In the last decades urban and heritage paradigms have shifted greatly. Heritage preservation and urban development are no longer considered as contradictory. Legitimate definitions of cultural heritage have widened as heritagisation processes expanded and exposed the socially constructed and dynamic nature of heritage, far from the monumentalist and object-centred approach which used to prevail.
What does this imply for cities which have become global players ever increasing in size, flux, power and complexity? How can heritage and development be mutually reinforcing? How can policies and practices of heritage be fruitfully integrated as a resource into wider urban change while respecting environmental, social and cultural concerns?
This volume analyses ways in which heritage recognition, conservation, valorisation and promotion have been integrated in urban planning and policies.
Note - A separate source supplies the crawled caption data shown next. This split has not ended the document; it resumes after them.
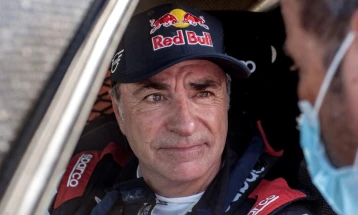 Карлос Саинц ја повлече кандидатурата за претседател на ФИА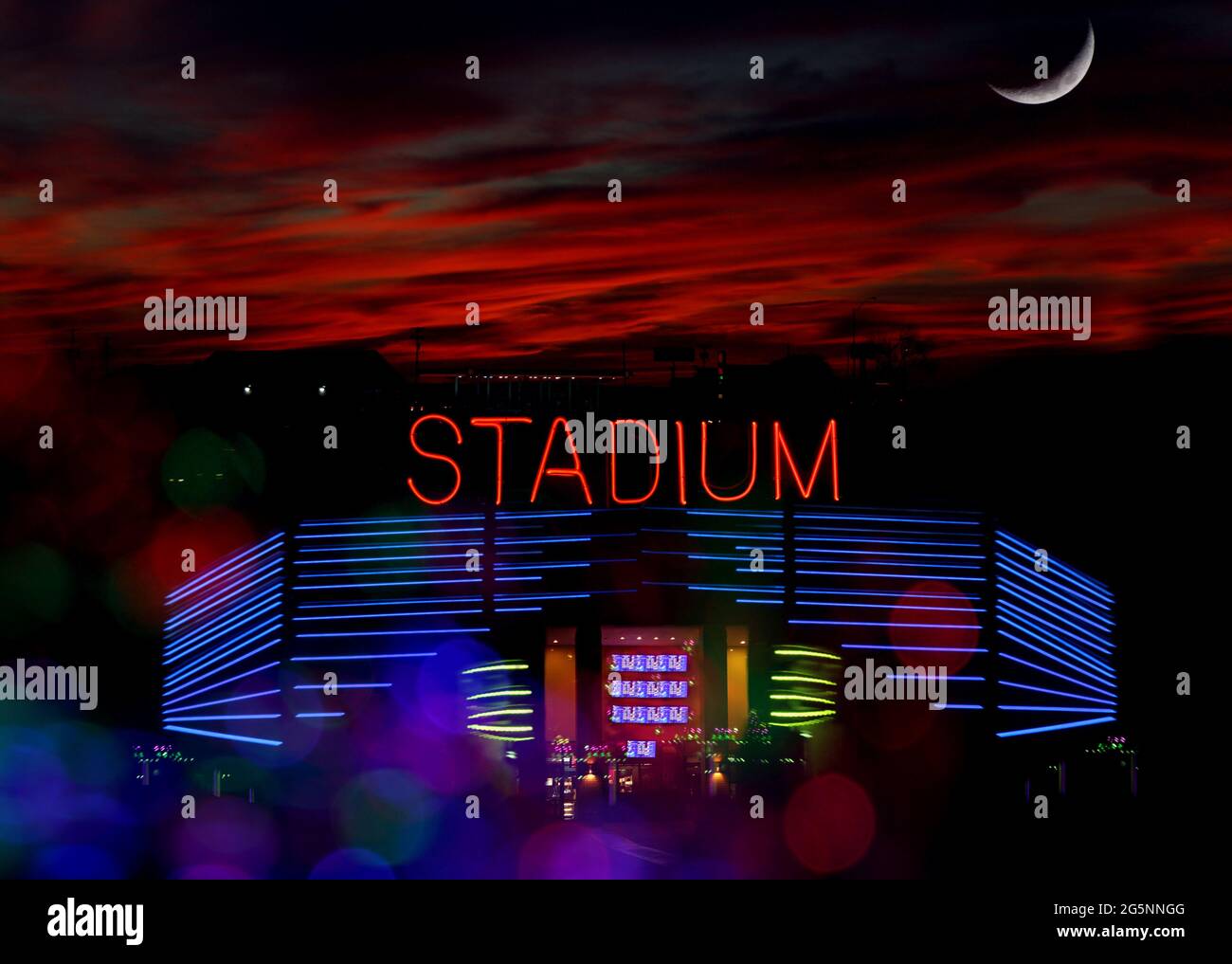 8 Foto-Composite, Lichter Streifen verwendet, um Stadion und reale Ticket-Kabine Fenster für realistische Wirkung hinzugefügt zu erstellen. Stockfoto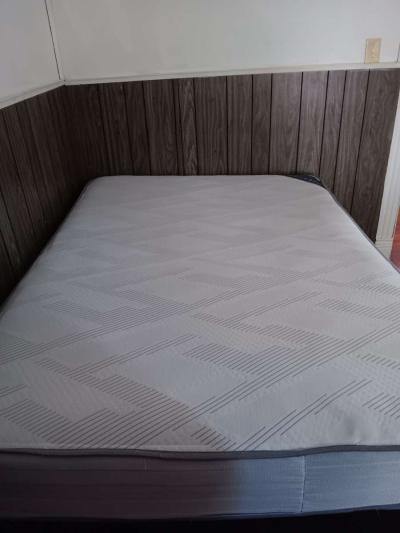2 bed frames and mattresses - Thumbnail 2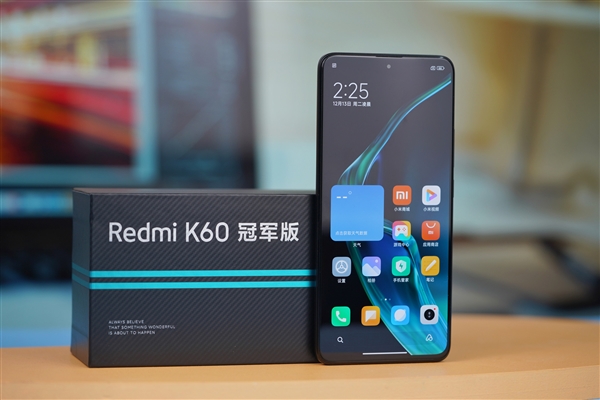 Redmi K60冠军版图赏：素皮+碳纤维质感绝了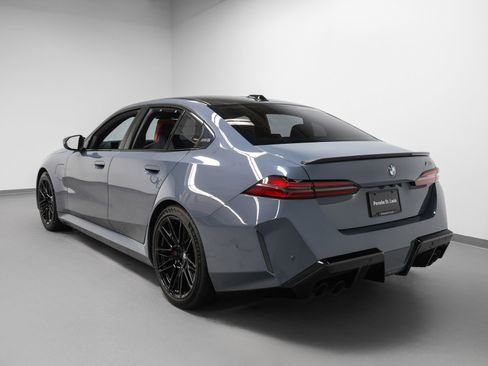 Used 2025 BMW M5 w/ Carbon Package AWD/4WD image 3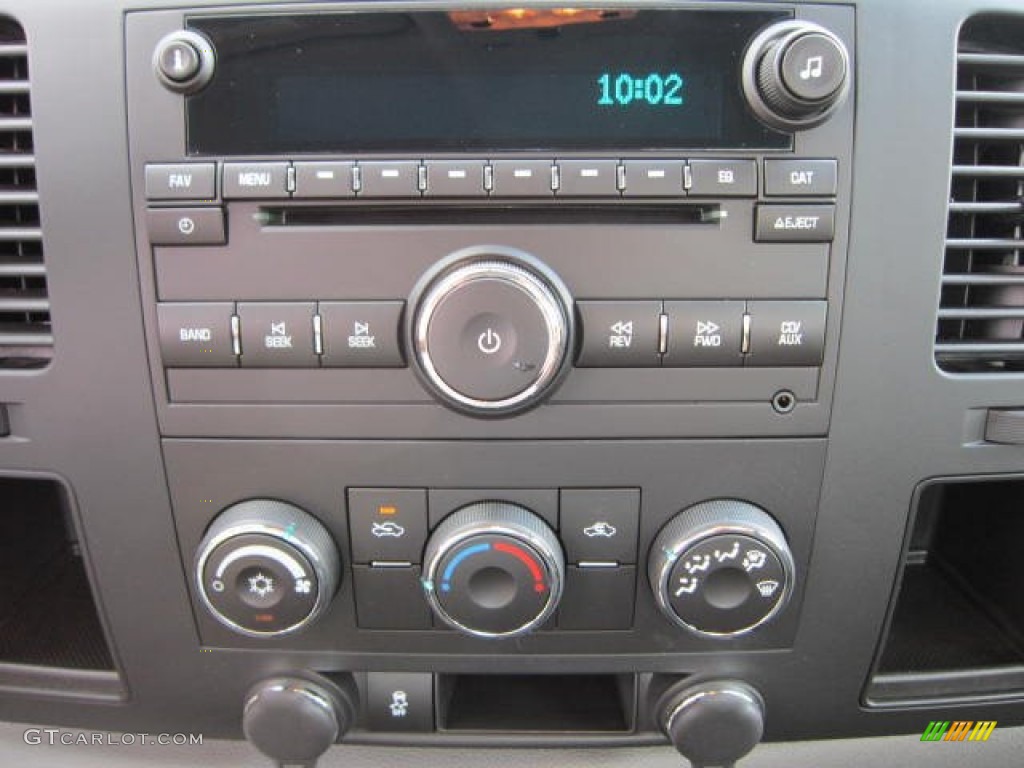 2013 Chevrolet Silverado 2500HD Work Truck Regular Cab 4x4 Audio System Photo #69044282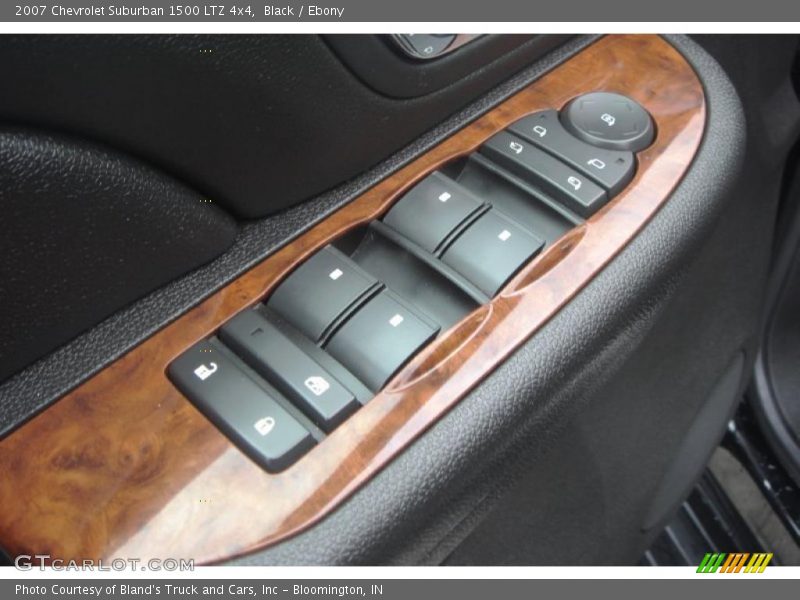 Black / Ebony 2007 Chevrolet Suburban 1500 LTZ 4x4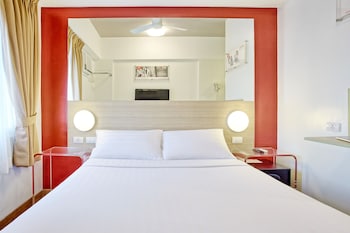 red planet makati avenue manila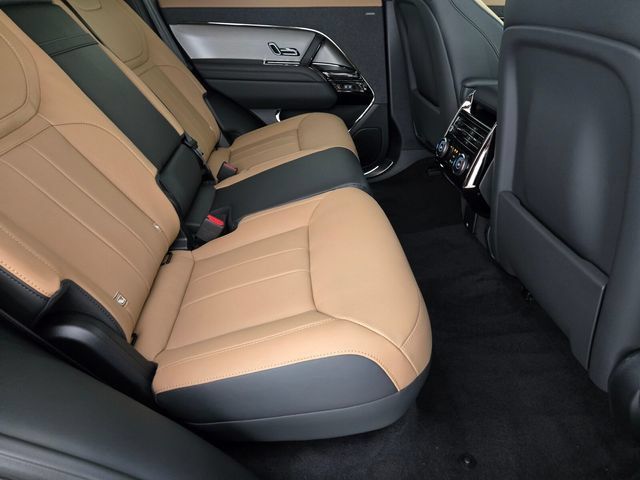 New 2026 Land Rover Range Rover Sport Dynamic SE AWD/4WD image 17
It benefits from the cross-fertilization of specialists and practitioners in political, urban and area studies, cultural policy, sociology, anthropology, urban planning and architecture, who use a variety of methodologies to explore cities as living entities. The book examines the disputed influence of international frameworks, notably from UNESCO, and takes a holistic approach to cultural policies encompassing both theory and application, listed and unlisted sites, East and West. Case studies from Chile, China, Cuba, Ecuador, England, France and Peru allow to grasp both the diversity of situations and the converging policy and management practices. This volume’s global perspective on urban issues will be of interest to urban planners, cultural policy and heritage specialists, social and human sciences researchers and students.